Monday, December 22, 2008

Splitting hairs...and the check

According to a press release from Simon & Schuster, two Money magazine columnists wrote a book about the fine art of splitting the check, and have compiled their top five check-splitting horror stories of 2008.

Everyone loves year-end lists, and many Southeast Texans will probably have to endure some sort of divide-the-ticket-among-crazy-family-members fiasco over the next couple weeks, I thought I'd post their tales.

Enjoy. And feel free to submit your own horror story in the Comments section. Make it your Christmas present to me. I promise not to return it.

TOP 5 CHECK SPLITTING HORROR STORIES OF 2008
by Jeanne Fleming and Leonard Schwarz

1. Surprise! Now pay - A friend invited us to his home for a surprise 40th birthday party for his wife. A week before the event, he called to say he’d had to move the party to a restaurant because it had gotten too big for their house. It was a great bash—except that, as soon as we’d all sung “Happy Birthday” and the birthday girl finished opening her gifts, the waiters delivered checks to each guest for a portion of the bill.

2. 70/30 is halvsies, right? - When my college roommate and her family came to town, she proposed our families get together. Our daughter was away at camp, but my husband and I arranged to meet Jennifer, her husband and their two teenage sons for dinner at a destination restaurant they wanted to try. When the check arrived, her husband said “Why don’t we just split this down the middle? That seems easiest.”

3. Thanks for the donation...and lunch - After a year of discussions, I agreed to contribute a considerable amount of money to my alma mater to endow a chair for the History department. When I met with the head of the development office to sign the final papers, he proposed we go out for a celebratory lunch. At his suggestion, we went to an upscale place; then, when the bill arrived, he said: “Too bad we’re a non-profit institution. Otherwise, I’d fight you for that check.”

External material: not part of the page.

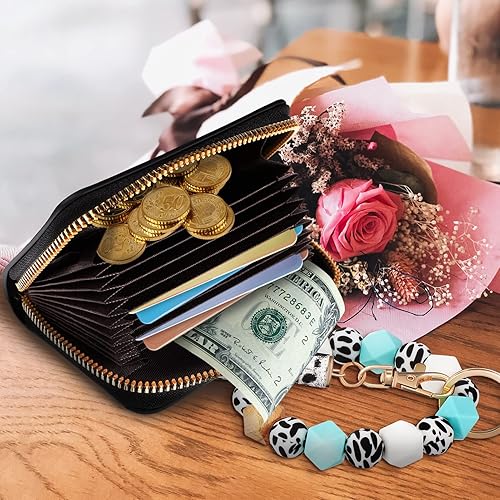 Vista 9 de SHERCHPRY Billetera con estampado de vaca con llavero de pulsera, llavero con cremallera, llavero pulsera cartera cartera, llavero de piel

4. Mine's free, yours isn't - Recently, a friend suggested we try a new cafe that’s a lot pricier than the sandwich shops where we usually meet for lunch. So we went and had a nice, though expensive, meal. But then, instead of splitting the check as we always do, (he) pulled out a buy-one-meal-get-one-free coupon he’d found in a newspaper and said “This pays for my lunch. Let me know what I owe you for the tip.”

5. Welcome! Hope you remembered your checkbook! - My husband’s well-heeled aunt and uncle, whom we rarely see except at big family events, invited us to dinner at their home. We accepted and, of course, took along a nice bottle of wine. At the end of the evening, our hosts thanked us warmly for coming, then told us we owed them thirty bucks to cover the cost of our food. And, no, they weren’t kidding.